だとしたら、もしかして湟糺よりも上の霊力者――。
ふと春麗が微笑み、湟糺を見た。その春麗を、湟糺もゆっくりと見返した。巫覡たちの視線の遣り取りは、いちいち麗し過ぎて、敵対なのか友愛なのか、見ているこちらが混乱させられる。
沙穂は数歩下がると扇から逃れ、ぷいと横を向いて意思表示をした。
桜空に会うまでは、絶対に巫覡たちの言うことなんて聞くもんか。騙されないんだから。
くすくすと春麗が笑った。
何が可笑しいの。口唇を噛み締めると、きっと春麗を見上げた。
「可愛い方だ。想いがコロコロと変わり、まさに猫の目のようで楽しい気分にさせられる。気に入りました。ここから出して差し上げよう」
「え? ホントに?」
「ほら。また心が変わった」
「どうしたら、ここから出られるんですか?」
「霊力の解放をすれば、この結界層は抜けられる。ここを出て直ぐに」
春麗は扇を口元に当てた。
「わたしの元へ参られよ。そこで呪いも解いて差し上げる」
「そ、それって……」
明らかに巫覡による直接召喚。召喚石を介することのない、直接なるお呼ばれは、いったん同意すれば断ることはできない。例えそれが、月のものの最中であったとしても。
斎屋にいるとき、誰かがそう言っているのを聞いた。
「そう簡単に解けますか。春麗巫覡。この呪術は、あなたの霊力をもってしても容易ではないはず。それに呪いを帯びた巫女に触れることは、我々にとっても穢れ。なかなかどうして、勇気のいることではございませんか?」
清雅が言い、同意を求めるように湟糺を見やった。湟糺は何も言わずに、ただ悩ましげな眼差しを浮かべた。
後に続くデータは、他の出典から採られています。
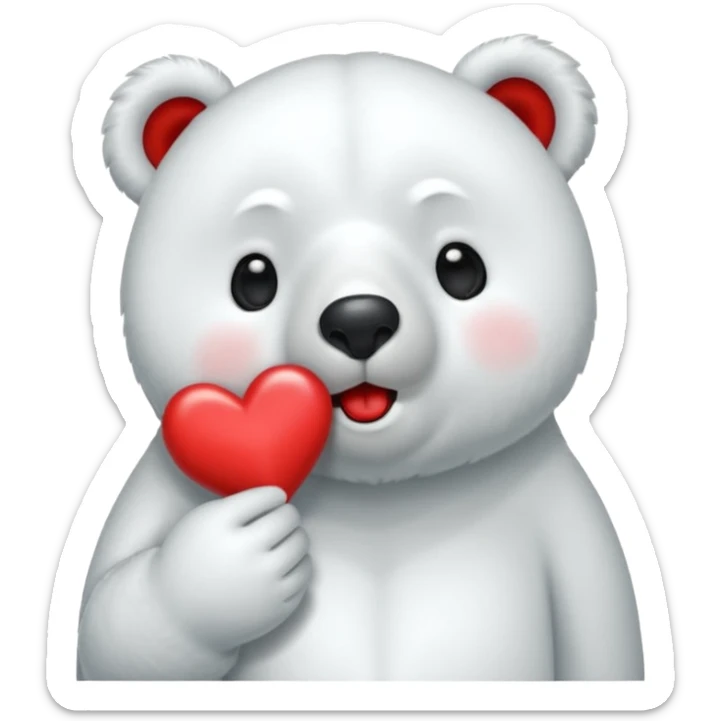 Puedes hacer a un oso polar que este mandando un beso el cual que de su boca salga un corazón Haci 😘 sticker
「今宵は、沙穂巫女の霊力解放を行わないほうが良いのでは? 誰もが触れたがらないこの巫女は、目を離すとどこに飛び立ってしまうやら判りません。逃げ出されでもしたら、桜空御子さまに何とも言い訳のしようもございませんから」
水琴が、もはや自分は興味を喪失したとでも言うような表情で言った。
「確かに。無防備なこと、この上ない様子」
春麗が同意を示した。
「わたしの元へくる気もなさそうですし、清雅巫覡のおっしゃる通り、呪術を解くには、いくばくかの戦術とやらも必要でしょう。考えを巡らせるには、おのおの一人でいるほうが良いやもしれませんね」
沙穂を解放しないことでは、巫覡たちの意見は一致したようで、がっくりと肩を落とした。巫覡たちが一斉に立ち上がると、沙穂はずっと黙したままでいる湟糺を見た。
視線に気付いた湟糺は、ゆっくり歩み寄ると注連縄の下をくぐり、ふうわりと沙穂の目の前に腰を落とした。
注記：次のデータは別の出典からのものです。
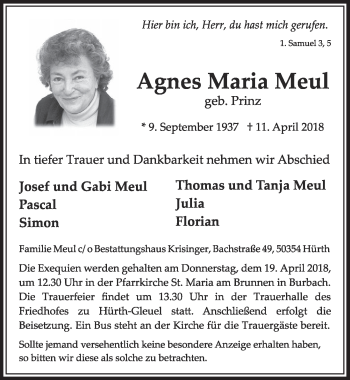 Anzeige von Agnes Maria Meul von  Sonntags-Post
「湟糺。あたしをここから出して。桜空に会って、確かめたいの。決して桜空には触れないと約束する。それが無理なら、騎馬司に――」
「姫」
いつものように頬に手を触れた。湟糺の背後で巫覡たちの気配がざわめくのを感じて、沙穂は自ら身を引いた。
「あたしに触れては駄目よ。穢れた巫女なんだから」
湟糺はくすりと笑い、沙穂が引いた以上に身を寄せた。
「僕の元へ、来る?」
思わず頷きかけ、思い留まった。誘うような色使いの瞳は、これまでになく真剣な光。真剣だったからこそ、ためらいが生じた。
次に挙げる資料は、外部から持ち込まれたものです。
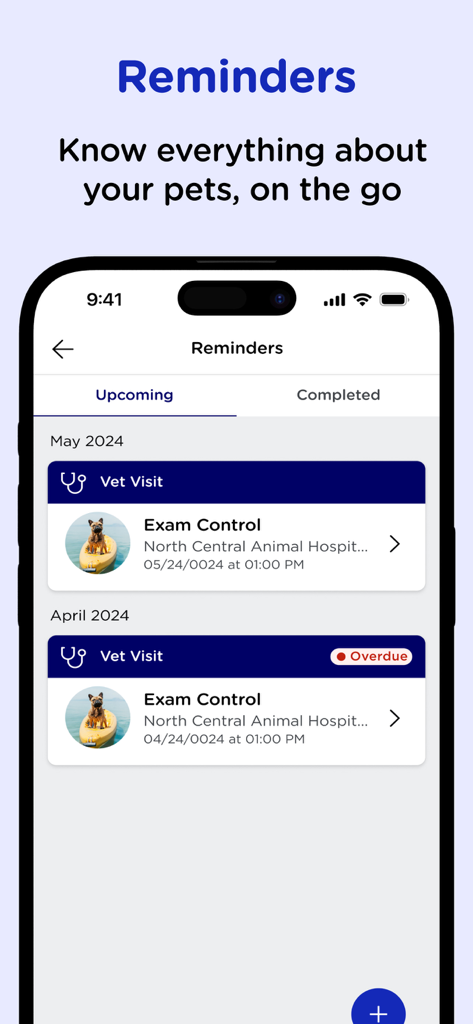 Eine mobile Benutzeroberfläche der Pet Cloud App, die bevorstehende und überfällige Erinnerungen an Tierarztbesuche für einen Hund anzeigt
桜空の存在が明らかになった今、直接召喚を受ければ、湟糺はきっと沙穂を抱いてしまう。呪いを解かないまま、触れ続けてしまうだろう。自分はともかくとしても、巫覡としては致命的。湟糺を、穢すわけにはいかなかった。
「――いかないわ」
やっとの思いで、そう口にした。
「そう」
寂しげに見える表情で、湟糺は僅かに目を伏せた。その様子を見て、ふと初めて助けられたときに騎馬司が怒りとともに発した言葉を思い出した。
桜空が死んだと言われて、自分も死のうとしたあの時。死んで桜空に逢いにいったからとて嫌われるのがオチだと言われて、桜空はそんなに冷たくないと反論したとき、騎馬司は言った。それは冷たいとは言わない、と。じゃあ、何なのと訊いても、答えは自分で見つけろと怒られた。その答え、今なら判る。冷たいからじゃない。
愛情、だったんだ……。
「あの、ごめんね」
覗き込むようにして、思わず謝っていた。
「なぜ謝るの。嬉しいのに」
「え? 嬉しいって」
拒否されて?
「心配してくれているんでしょ。僕のこと」
とろけるような微笑を浮かべると、口唇を重ねてきた。いつもより少しだけ、情熱的に。
慌てて結界層に背中がぶつかるほどの勢いで身を離した。
「なにするの! あたしに触れては駄目なのに!」
睨むように見ると、湟糺は麗しげな笑みを口元に湛えて立ち上がった。そんな湟糺を、巫覡たちは呆れたように見やっている。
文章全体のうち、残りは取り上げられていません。